Trump no solo insinuó la posibilidad de comprar Groenlandia, sino que dejó abierta la puerta a métodos de presión económica e incluso militar para asegurar el control sobre ese territorio. La propuesta no solo sacudió al gobierno danés, que inició una ofensiva diplomática para sumar apoyos en la Unión Europea y la OTAN, sino que volvió a poner los ojos del mundo sobre una isla habitualmente olvidada, pero de valor estratégico incalculable.
Una isla grande, fría y vital
Con más de dos millones de kilómetros cuadrados, Groenlandia pertenece al Reino de Dinamarca, aunque goza de autonomía desde 1953. La mayoría de su escasa población se concentra en el sureste, dado que el resto del territorio está permanentemente cubierto por hielo. Fue colonizada por noruegos en el siglo X, y reocupada por Dinamarca en el siglo XVII. Durante la Guerra Fría, su posición la convirtió en un enclave clave para la seguridad del hemisferio occidental.

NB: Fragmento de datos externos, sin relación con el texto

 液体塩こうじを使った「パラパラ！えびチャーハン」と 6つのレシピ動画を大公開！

En 1940, la invasión nazi de Dinamarca despertó el temor de que Hitler intentara tomar Groenlandia. Mientras el Reino Unido ocupaba Islandia y las islas Feroe, el embajador danés en Washington, Henrik Kauffman, firmó por su cuenta un acuerdo con Estados Unidos para permitirle establecer bases militares en la isla. Así, en 1941, sin el consentimiento del gobierno danés, Washington ocupó Groenlandia, construyó 14 bases y garantizó el abastecimiento a la población. Por primera vez, la isla actuaba con cierta autonomía.

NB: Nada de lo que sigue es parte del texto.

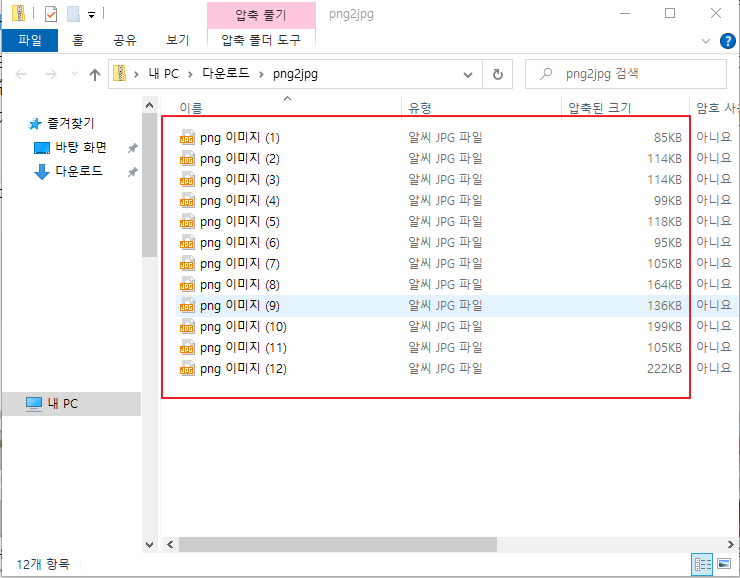 png jpg(jpeg)변환 사이트 변환 완료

El interés de Estados Unidos: una historia repetida
En 1946, Estados Unidos ofreció 100 millones de dólares para comprar Groenlandia. Dinamarca se negó. A cambio, un tratado bilateral firmado en 1951 permitió a los estadounidenses mantener su presencia militar, especialmente en la base de Pittufik (entonces Thule), donde aún hoy siguen operando.
Sin embargo, la base se convirtió en fuente de tensiones. En 1968, un bombardero estadounidense con cuatro bombas termonucleares se estrelló cerca del lugar. Uno de los artefactos nunca fue hallado. El incidente violaba abiertamente la legislación danesa que prohíbe armas nucleares en su territorio en tiempos de paz, lo que fue confirmado por una comisión parlamentaria en 1995: Dinamarca había consentido en secreto la presencia de armamento atómico estadounidense.

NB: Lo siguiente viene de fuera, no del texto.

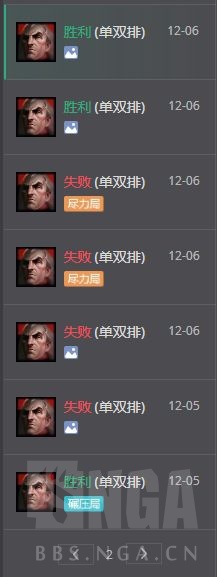 英雄联盟：季前赛 乌鸦辅助单排上钻 简单攻略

Trump y el regreso del apetito expansionista
A pesar de la autonomía formal y de los anhelos independentistas —alrededor del 67% de los groenlandeses aspiran a separarse de Dinamarca—, el rechazo a ser parte de Estados Unidos es abrumador: un 85% de la población se opone, contradiciendo las justificaciones de Trump. No obstante, la región se enfrenta a profundos problemas estructurales: pobreza, desempleo, alcoholismo y una elevada tasa de suicidios, sobre todo entre los jóvenes.
El creciente interés geopolítico en el Ártico —por sus recursos naturales, sus rutas marítimas emergentes y su valor militar— convierte a Groenlandia en un objetivo codiciado también por China y Rusia. En ese contexto, Trump parece decidido a reforzar la presencia estadounidense, reeditando una ambición que ni la historia ni los groenlandeses han olvidado.
La pregunta ya no es si Estados Unidos quiere Groenlandia, sino hasta dónde está dispuesto a llegar para obtenerla.